Hurrah! Just thought I'd share that with you all.

Oh, I suppose I'd better come up with an actual topic too then...

...er...

Favourite quotes from characters just before they died (killed by other party members or otherwise).

I'll start (some of these stolen from an Old Dragon article):

"I attack him. What's Odin's armour class?"

"Yes, my full plate mail wearing fighter jumps over the side and swims to the beach. What?"

"I waste it with my crossbow."

"If I roll low, this point blank fireball shouln't kill me!"

"How can I fail? I've got a +23 Fort save!"


----------



## Zappo (Sep 10, 2002)

Congratulations. Now let's see what Crothian has to say... 

I am strongly tempted to dump the ZAngband death file here, but I'll add

"I attempt to disbelieve"

to the list, instead.


----------



## Wicht (Sep 10, 2002)

Zappo said:
			
		

> *Congratulations. Now let's see what Crothian has to say...
> *




Are you implying that Crothian feels compelled to post in every thread about post count?


----------



## Zappo (Sep 10, 2002)

Wicht said:
			
		

> *Are you implying that Crothian feels compelled to post in every thread about post count?  *



Well, he's got to get his post count from somewhere...


----------



## Crothian (Sep 10, 2002)

Wicht said:
			
		

> *
> 
> Are you implying that Crothian feels compelled to post in every thread about post count?  *




Must post in postcount thread.  

Hey, 100 posts is a good milestone and I'm glad Tallarn has made it.  Congradulations.  Be careful, though, if you get too many posts, Wicht might steal them.


----------



## hong (Sep 10, 2002)

Tallarn said:
			
		

> *Hurrah! Just thought I'd share that with you all.
> *




Congratulations! To mark the occasion, you have been immortalised in Britannia 3E. See the map in this thread:

http://enworld.cyberstreet.com/showthread.php?s=&threadid=23775


----------



## CrazyMage (Sep 10, 2002)

Why, I remember when I hit 100 posts...it was thought-filled, useful posts like this one that got my post-count to where it is today.  Keep up the fine work, Tallarn.


----------



## Zarthon (Sep 10, 2002)

I just hit 100 posts myself


----------



## alsih2o (Sep 10, 2002)

just passed 1000, and crothian responded with his batlike postcount post srensor withing 30 seconds


----------



## Darkness (Sep 10, 2002)

Zappo said:
			
		

> *Well, he's got to get his post count from somewhere...   *



Somewhere or _everywhere_?


----------



## Darkness (Sep 10, 2002)

alsih2o said:
			
		

> *just passed 1000, and crothian responded with his batlike postcount post srensor withing 30 seconds  *



It's interesting that he still finds time to read and check for things between all that posting... 
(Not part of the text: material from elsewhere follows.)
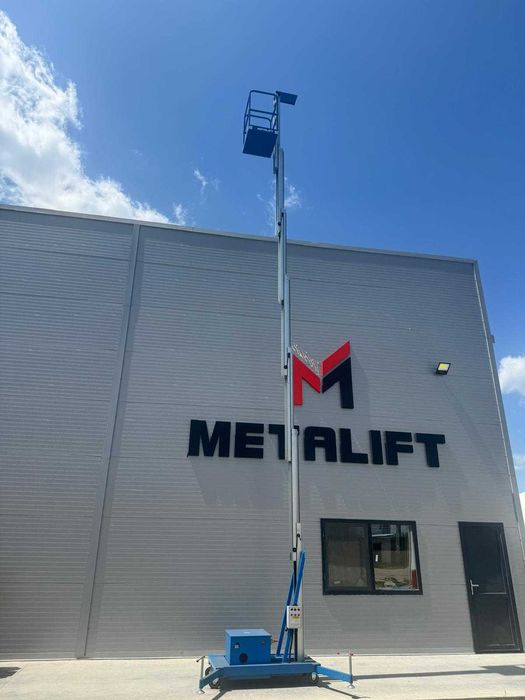 Nacela, lift, reach truck, echipamente ridicare, platforma ridicare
(And I moved this to Meta.)


----------



## Crothian (Sep 10, 2002)

Darkness said:
			
		

> *Somewhere or everywhere?  *




All your posts will be mine!!  

Wait, that's Wicht's line.


----------



## Crothian (Sep 10, 2002)

Darkness said:
			
		

> *It's interesting that he still finds time to read and check for things between all that posting...
> *




And that's why the I feel that gnomes are actually better dwarfes then elves are.
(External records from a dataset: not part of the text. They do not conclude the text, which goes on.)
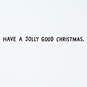Jolly Good Santa Uber Driver Funny Christmas Card, , large image number 2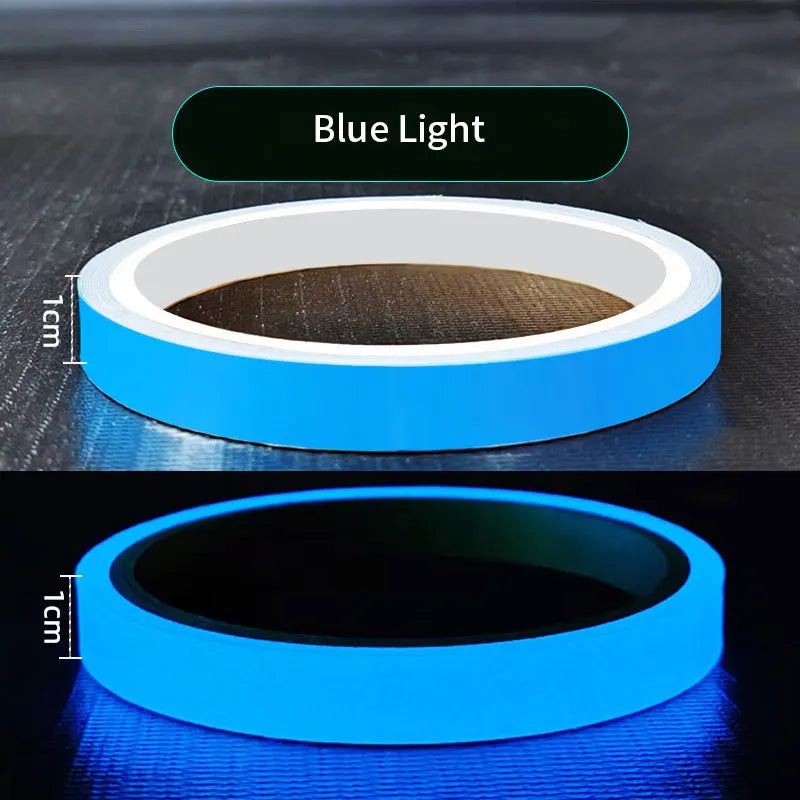 Glow-in-the-dark Tape | Self-adhesive Luminous Safety Warning Tape alternate view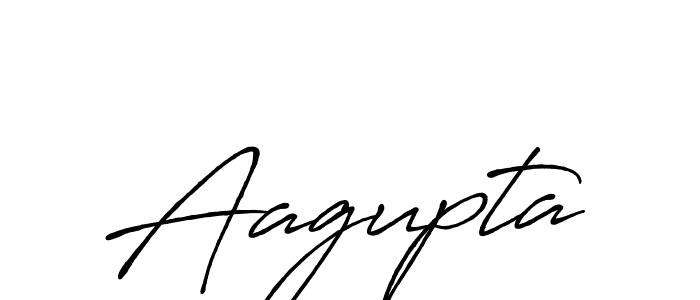 It looks lik you need a new signature style for name Aagupta. Design unique handwritten (Antro_Vectra_Bolder) signature with our free signature maker in just a few clicks. Aagupta signature style 7 images and pictures png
What do mean read threads?  I just reply to occasionally it makes sense.


----------



## Darkness (Sep 10, 2002)

Crothian said:
			
		

> *
> 
> All your posts will be mine!!
> 
> Wait, that's Wicht's line.   *



Don't you encourage him...


----------



## Crothian (Sep 10, 2002)

Darkness said:
			
		

> *Don't you encourage him...  *




You're right.  I must stick to the sacred duty.


----------



## Wicht (Sep 11, 2002)

What?  You guys think I have no honor?

I would never steal posts from anyone with less than a couple thousand.   
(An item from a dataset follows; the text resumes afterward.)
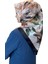 Quare Kristal Eşarp, Çiçek Desenli 01069 1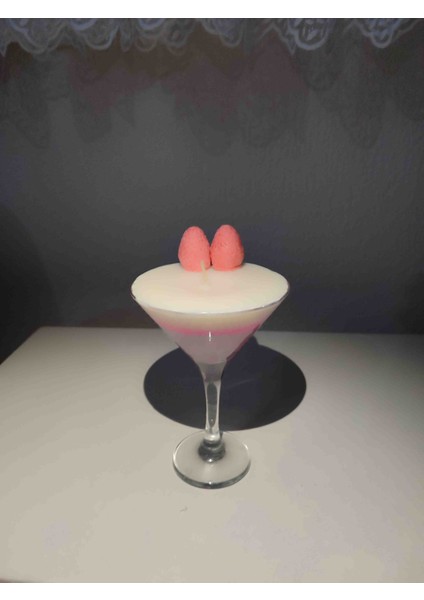 Çilekli Kokteyl Mum fiyatları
Besides, as I keep saying, it wasn't me.  I was framed.  Thats my story and I am sticking to it.


----------



## Darkness (Sep 11, 2002)

Wicht said:
			
		

> *What?  You guys think I have no honor?
> 
> I would never steal posts from anyone with less than a couple thousand.
> ...*



Kinda like Robin Hood, neh? Steal from the rich because it doesn't pay to steal from the poor!


----------



## Wicht (Sep 11, 2002)

Darkness said:
			
		

> *Kinda like Robin Hood, neh? Steal from the rich because it doesn't pay to steal from the poor!  *




Something like that


----------



## Crothian (Sep 11, 2002)

Darkness said:
			
		

> *Kinda like Robin Hood, neh? Steal from the rich because it doesn't pay to steal from the poor!  *




Great, now I feel like the sidekick pig hostage, with a target on my back.

Tiny toons reference for those not in the know.


----------



## Tharkun (Sep 14, 2002)

Yup, there are still plenty of us low posters here


----------